No Dead Author

 
 


The hoary query of whether hypertext had 'killed' the author stimulated incisive and lyrical writing. More than half the students answered this question on the final exam. For some, it offered a chance to meditate on the book of the future, the hypertext novel. For others, it offered a chance to work through their first encounters (positive and negative) with sustained technology-enriched learning in the humanities. For others, it seemed to offer an easy option, requiring less precise knowledge of specific texts.

The question thus attracted all grade levels in the class, from those struggling to hold onto their Cs to those whose sophisticated thought and elegant writing pulled As on almost every assignment. From the responses developed a snapshot of the class encounter with the new medium, an encounter which centered around the question of where power lay in the relationship between author and reader.
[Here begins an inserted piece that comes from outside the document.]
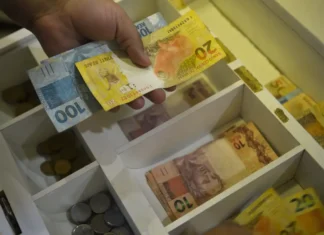 Salário mínimo de R$ 1.412 entra em vigor nesta segunda-feira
Almost everyone had confessed, at some point in the semester, a feeling of helplessness in the face of a particular author's work. Students cast themselves as victims of Lowell's or DeLillo's 'games,' for example. Although Patchwork Girl's structure 'jumped' much more than DeLillo's in The Names, collaged more diverse fragments than Muriel Rukeyser's work, and possessed a veritable chorus of first-person narrators who ranged from 'human' voices to those of errant body parts, students started to cast themselves as participants in, not victims of, the 'game.'

This might have been due to a gradual learning process over the semester, but the writing indicates that the experience of this particular hyper text either actualized and made visible learning that had occurred but of which the students were not wholly conscious, or triggered that jump in perception itself.

Many initially shared D's rueful vision of the malevolent author of Patchwork Girl. "When I'm frustrated, I imagine Shelley Jackson sitting back laughing because I'm totally lost and nowhere near a conclusion. You have all the control over where to go, but she has control over how much you understand it." This 'rat in a trap' mentality had dominated the first week's discussion.
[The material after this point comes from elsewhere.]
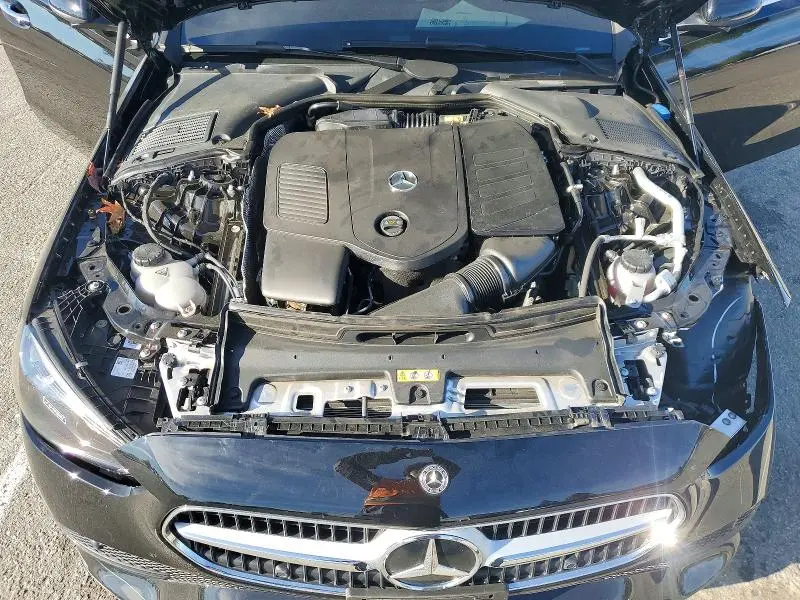 2025 MERCEDES-BENZ C 300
By the exam. three weeks later students, whatever their grade level, had started to pick apart the tri-partite relation between author, reader and text. They returned again and again to the question of power, a more sophisticated discussion of the feelings of "not understanding," of being powerless in the face of (class-defined) 'difficult' texts, such as DeLillo's The Names, or The Waste Land, that had run through class journals.